There is a flutter of activity at the office of the Commissioner of Police at Vijayawada. Amid all the chaos, a prominent politician from the ruling TDP emerges after lodging a complaint against the activities of rival parties.
As media persons wait outside for the politician, one man huddled amongst the party cadre appears distinctly different. One look at his attire and it is evident that he is neither a politician nor a party worker.
Minutes after the press meet, as the TDP leader leaves along with his followers, the man heads in another direction. When approached, 25-year-old Phani Bhushan Kukkadapu, who is sporting a blue coloured nehru jacket on a full sleeve shirt, introduces himself as the political strategist working for a handful of MLA and MP aspirants in Andhra Pradesh.
“In terms of election expenses, Andhra Pradesh is a decade ahead of any other state in the country,” he says, pointing out that his organization, Khub, is presently working with debutants like Devineni Avinash from Gudivada constituency and Silpa Ravichandra Reddy from Nandyal, besides four other MLA aspirants and one MP candidate.

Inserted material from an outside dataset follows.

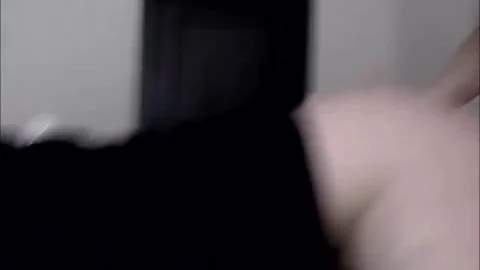 Blond lady-man Destroying A man's ass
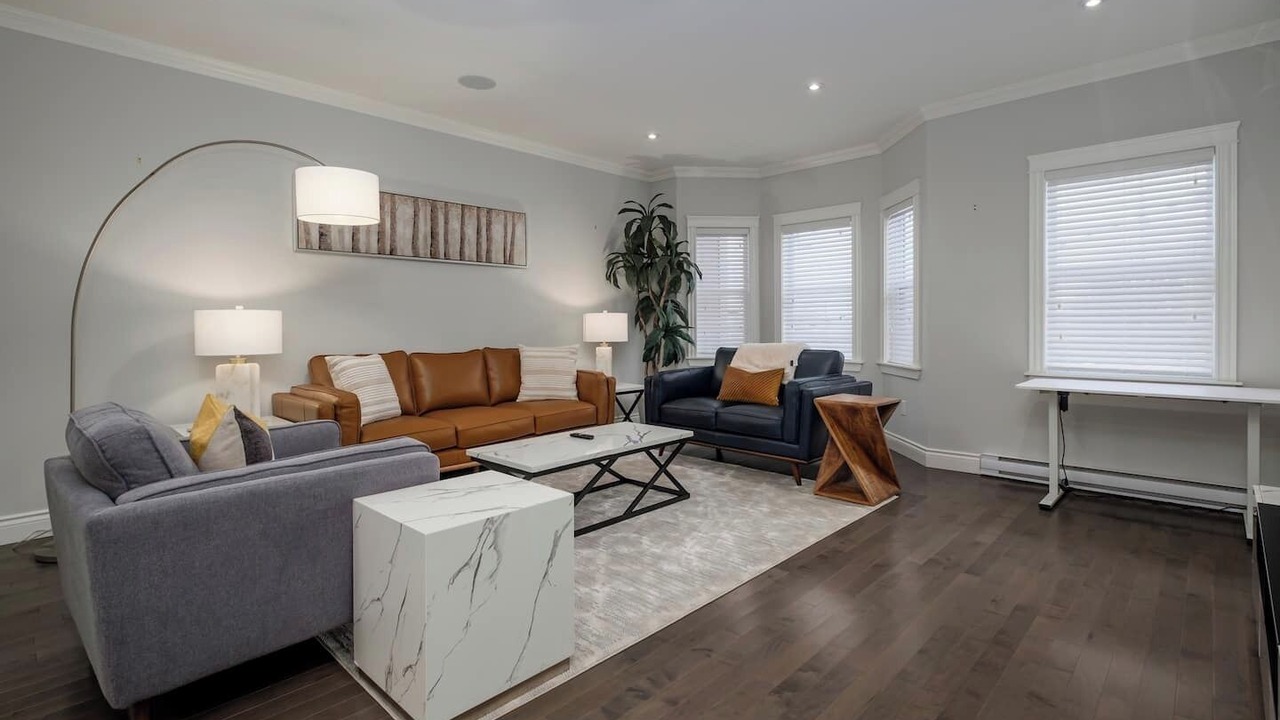 Photo of Livingroom in Downtown St. John's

With elections just weeks away, several politicians are turning to strategists like Bhushan to better their chances of winning a seat. Once hired, these strategists take over the entire campaign and try to leave nothing to chance.
A growing phenomenon
While political consultant Prashant Kishor’s I-PAC (Indian Political Action Committee) is working for Jagan Mohan Reddy's YSRCP, aspirants from Chandrababu Naidu's Telugu Desam Party (TDP) are also not far behind. Many candidates have engaged several political strategists in their individual capacity for yielding better results. TNM has learnt, that in Guntur district alone, at least 6 MLA candidates have hired political consultants, while neighbouring Krishna district is also seeing several aspirants turning to strategists.
These strategists employ skilled labour, who analyse conventional political equations and apply modern tactics, like the usage of social media and creative campaigns to reach out to the masses. Even seasoned politicians who have been contesting for decades are availing these services.

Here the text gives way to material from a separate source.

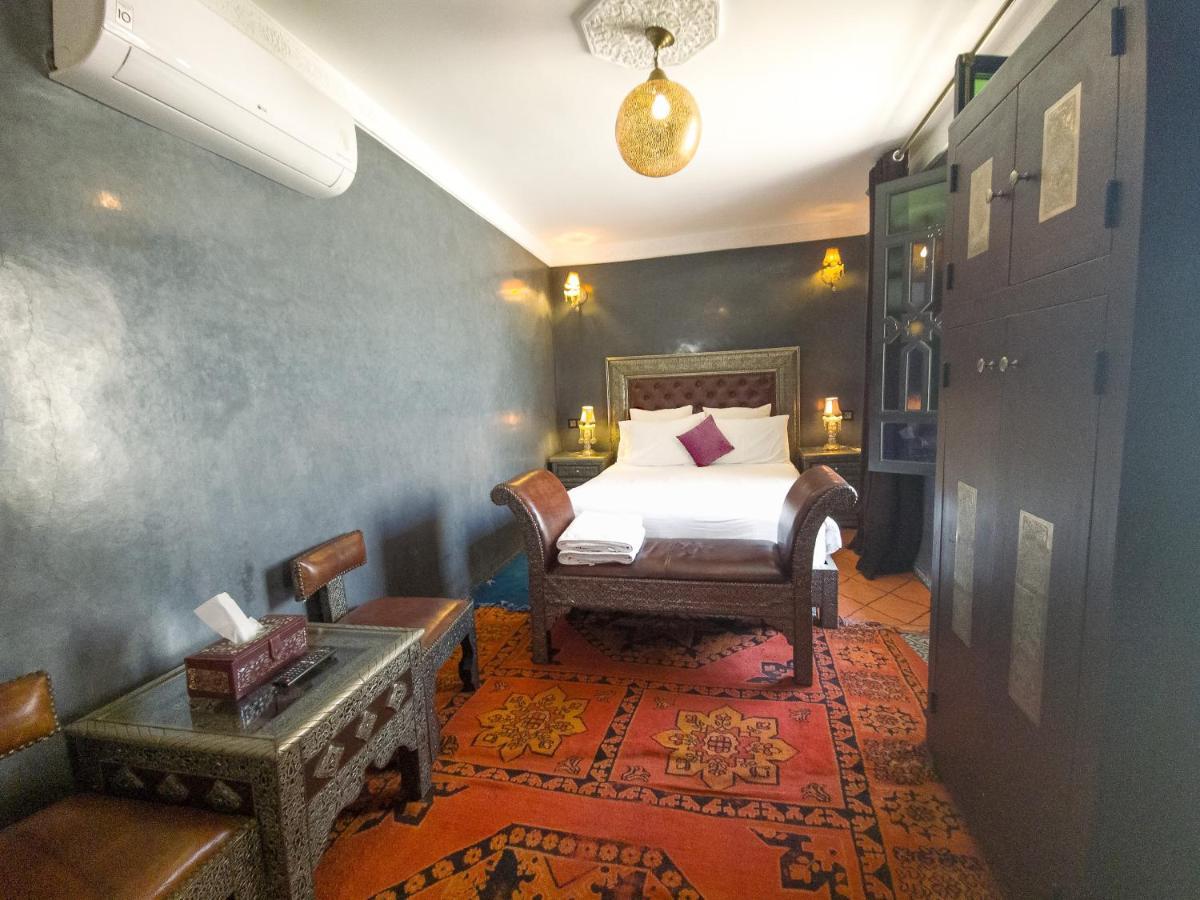 Riad Jaime Marraquexe Exterior foto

“It is not just about managing or analysing social media, it is about understanding the political acumen of the voters and creating a narrative that works in favour of the candidate,” says Abbin Theepura former Media Head of I-PAC who currently works as the Public Policy Manager for ShareChat.
What do political strategists do?
Political strategists work involves coordinating with the client (candidate) and his party cadre on the ground to execute their plans systematically, be it the pamphlet they write, the flexi they put up, an advertisement in the local media, a press release or even catchy slogans and target-oriented campaigns to advance their chances, or decrease that of their opponent.
"We do end to end consultations and concrete surveys at regular intervals to chalk out action plans in each segment, image building based on the clients’ position and geopolitical situation," said one recent Public Policy Post Graduate turned strategist.
The strategist who works for a firm that is handling six candidates in Guntur district says that they send out foot soldiers to look at issues at the ground-level and possible solutions and file reports at regular intervals.
This could include things like civic issues or even social equations like the distribution of various castes and communities in each constituency. By collecting and analysing data, the organisations are able to identify with high accuracy, how each booth will vote.
While political parties approach larger players like IPAC, the smaller often lobby with the individual politicians or parties.
“There are many factors which weigh in for winning elections. Electioneering using experts (strategists and consultants) is one which has proved to work and win. A consultant or the team can start off working with any party or candidate after understanding the ground to play in." Abbin says.
Abbin has worked in Andhra Pradesh for a brief period. When asked about what it is like to work for regional and young parties, he says, "They were open to ideas, they understood the need to move forward and they accept the changes. In old and big parties sometimes it's not easy to get things done and not all suggestions are accepted.”
As far as expenses are concerned, the smaller consultants offer different ‘packages’ based on the duration, ranging from one month to six months for an MLA or MP candidate, while the larger groups can even sign a contract that spans over years, like IPAC.
An insider from the industry said that it costs around Rs 10 to Rs 15 lakh per MLA for one month, to engage the skilled labour, while management of an MP campaign may shoot up to Rs 50 lakh, as it requires more manpower given the larger geographical area.
Phani Bhushan when asked about the ongoing scene in the state, said, "It's a close call for both the parties. YSRCP got a bit of good branding than Chandrababu Naidu's TDP, though the latter have good governance but no marketing mechanism. Whereas YSRCP got emotional image using late YSR's schemes".